ASSIGNMENT:
With the pictures left out, retype exactly the lines below starting at the line that contains "СИНЕКОД сир. 200мл" and ending at the line that contains "صورة 3 Meritor".

[[ INFORMATION SUPPLIED open ]]

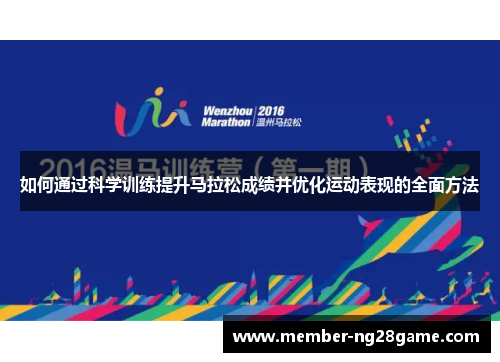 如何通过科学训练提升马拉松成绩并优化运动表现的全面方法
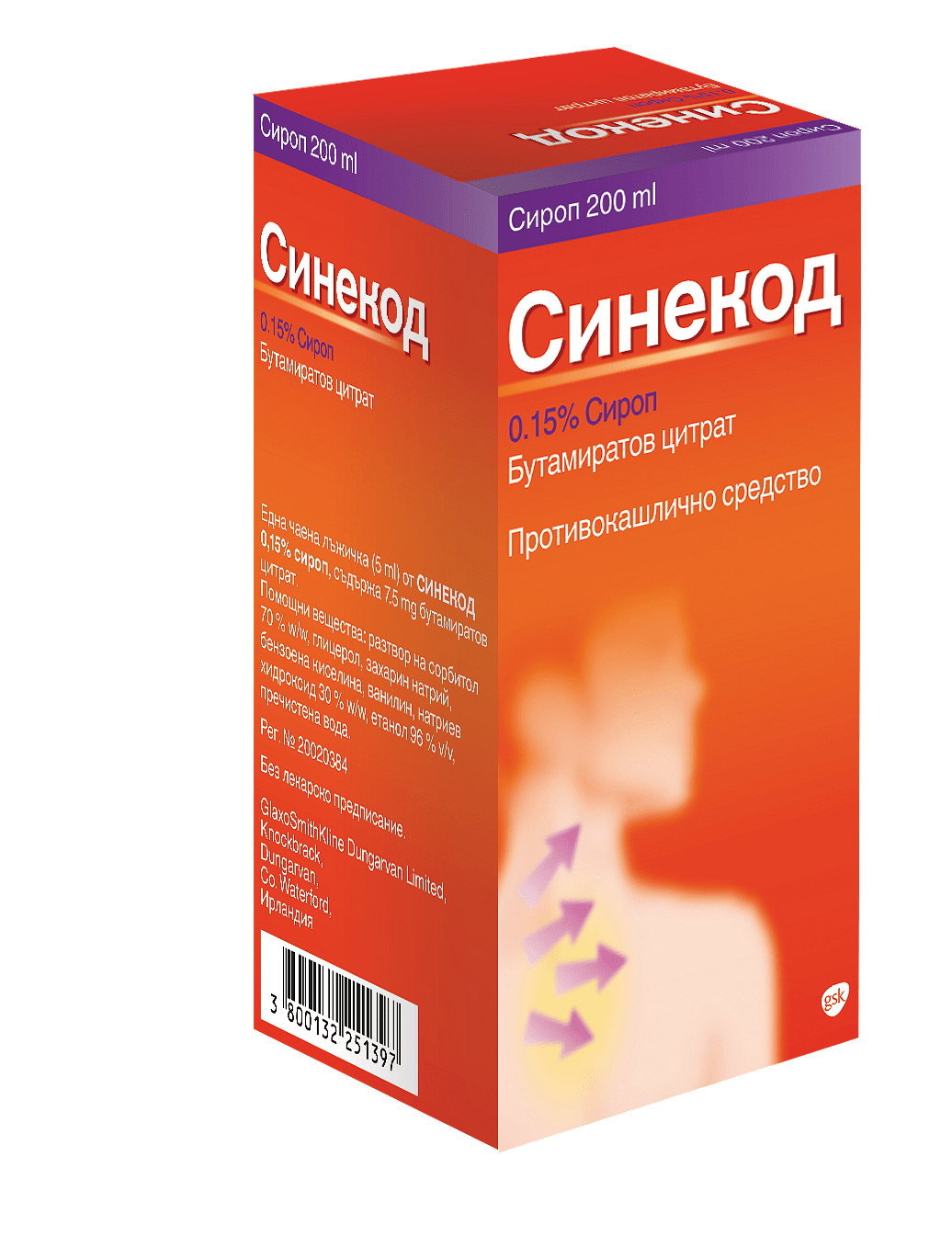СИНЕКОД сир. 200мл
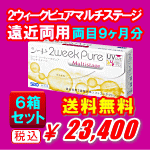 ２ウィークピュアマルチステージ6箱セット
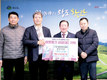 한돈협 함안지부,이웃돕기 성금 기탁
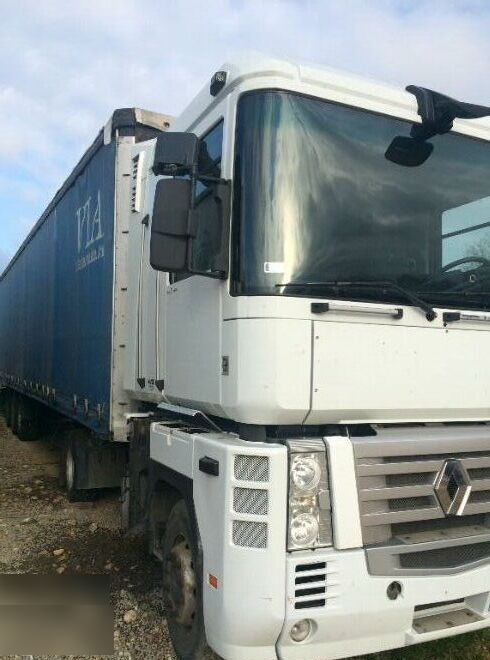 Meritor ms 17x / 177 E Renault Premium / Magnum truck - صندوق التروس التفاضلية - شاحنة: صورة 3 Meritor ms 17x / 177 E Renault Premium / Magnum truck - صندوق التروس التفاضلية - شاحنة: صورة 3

[[ INFORMATION SUPPLIED closed ]]
[[ INFORMATION SUPPLIED open ]]

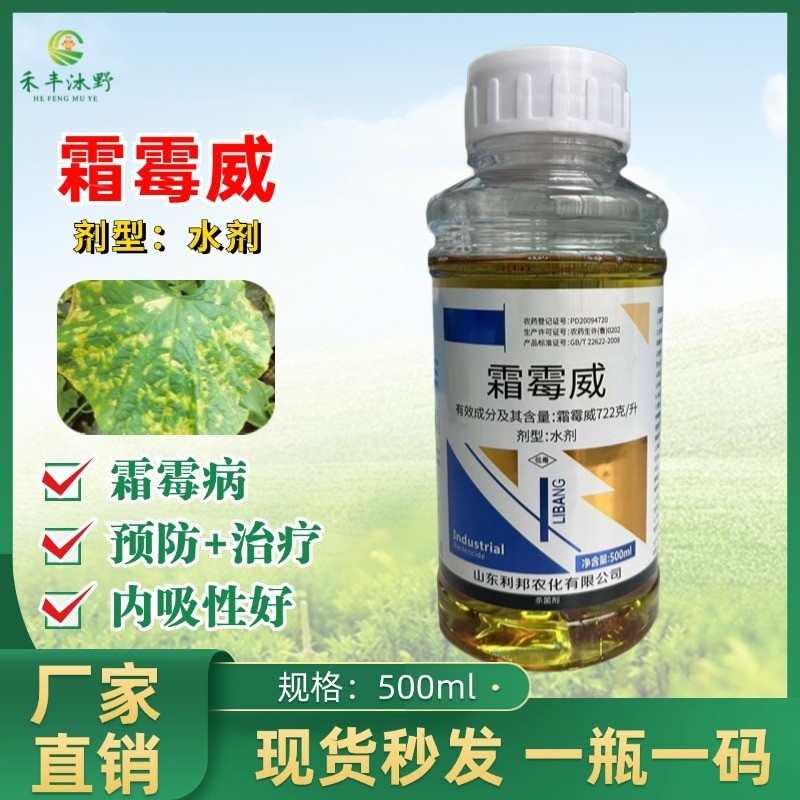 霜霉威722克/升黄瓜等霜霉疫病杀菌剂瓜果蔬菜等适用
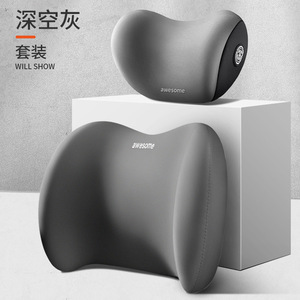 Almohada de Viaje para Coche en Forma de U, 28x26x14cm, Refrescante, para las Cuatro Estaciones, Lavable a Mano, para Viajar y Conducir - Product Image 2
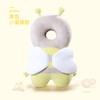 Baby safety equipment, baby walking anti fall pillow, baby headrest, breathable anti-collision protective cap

[[ INFORMATION SUPPLIED closed ]]
[[ INFORMATION SUPPLIED open ]]

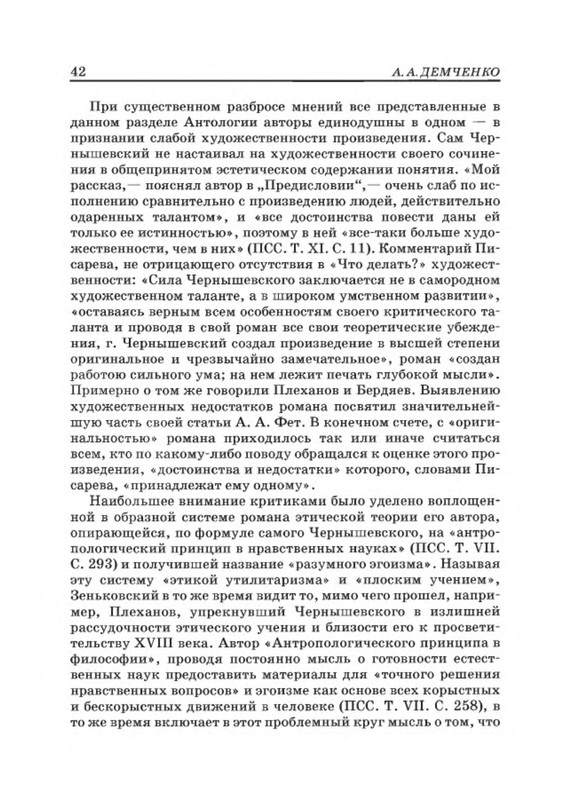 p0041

[[ INFORMATION SUPPLIED closed ]]

RESULT:
СИНЕКОД сир. 200мл
 ２ウィークピュアマルチステージ6箱セット
 한돈협 함안지부,이웃돕기 성금 기탁
 Meritor ms 17x / 177 E Renault Premium / Magnum truck - صندوق التروس التفاضلية - شاحنة: صورة 3 Meritor ms 17x / 177 E Renault Premium / Magnum truck - صندوق التروس التفاضلية - شاحنة: صورة 3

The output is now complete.